Step 2: Managers try to locate other firms that are particularly distinctive or excellent in performing or managing those processes.
Step 3: The benchmarking firm contacts the managers of the model firm to learn from their experiences, problems and solutions.
Step 4: The bench marking firm tries to duplicate the successful practices or processes that seem to performance and better quality.
Benefits of Benchmarking:
The benefits of benchmarking are as follows:
- It sparks the creativity of internal people.
- The firm can be the front runner of implementing practices which was never conceived of in the industry. For example: The “BARCODE” invented by the American Agricultural Food Products Association.
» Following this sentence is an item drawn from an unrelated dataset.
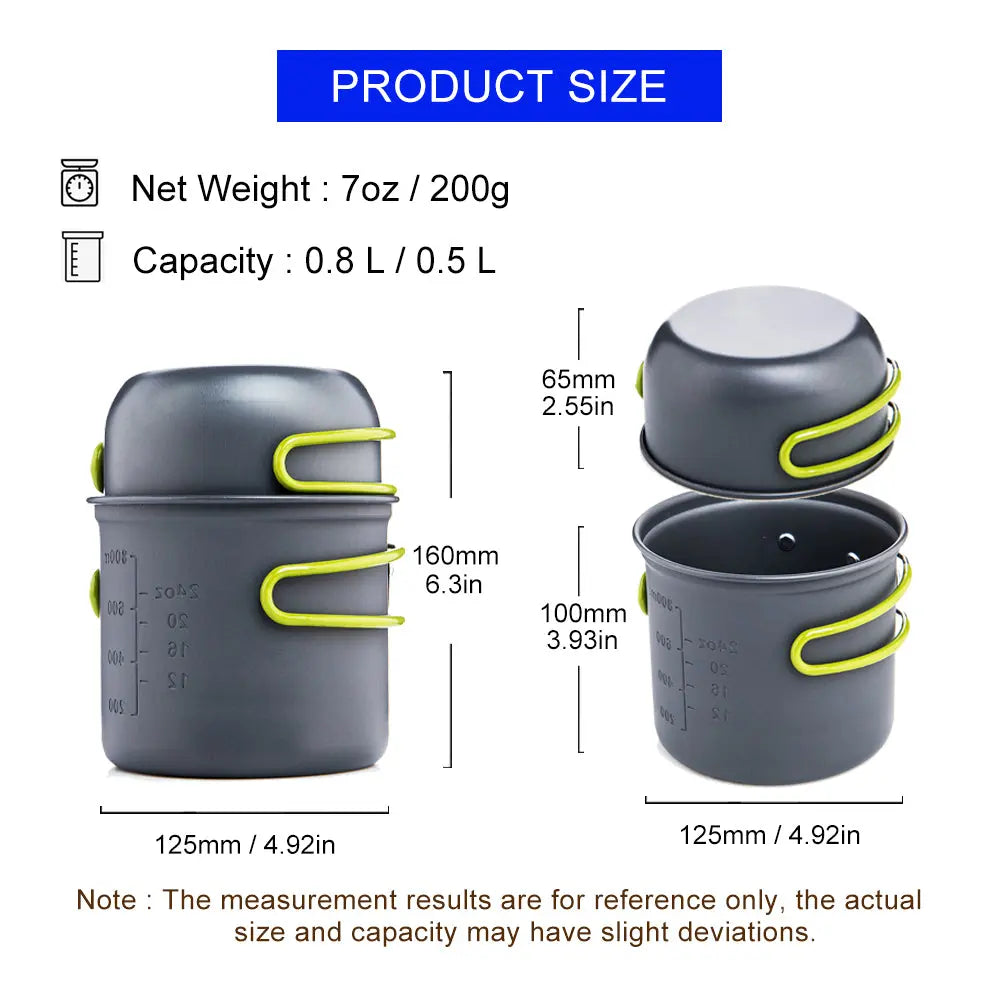 Outdoor Camping Tableware Kit - GLR SHOPPING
- Targeting the best, so the firm keeps itself ahead of the other competitors.
Types of Bench marking:
The major types of benchmarking are;
1. Historical benchmarking: It refers to evaluating the firm’s current performance with the firm’s past performance. The problem here is that the past performance may not be impressive. Secondly, There can be an illusion of big performance. Thirdly, It may encourage more of a bad thing. For example, if rejection rate is high, SQC is put in place and as a result rejection goes down, But this is not a progress. The question is why should rejection happen at all? Fourthly, Competitor performance is not considered in this way.
2. Industry Bench marking: It refers to evaluating one own performance with industry data. The major problem here is—getting stuck in the middle. Second, unequal bases of comparison, like comparing apple with orange.
3. Functional benchmarking: It refers to finding one activity and finding out the best practice in that in any strategic group or in any industry and upgrade the process to that.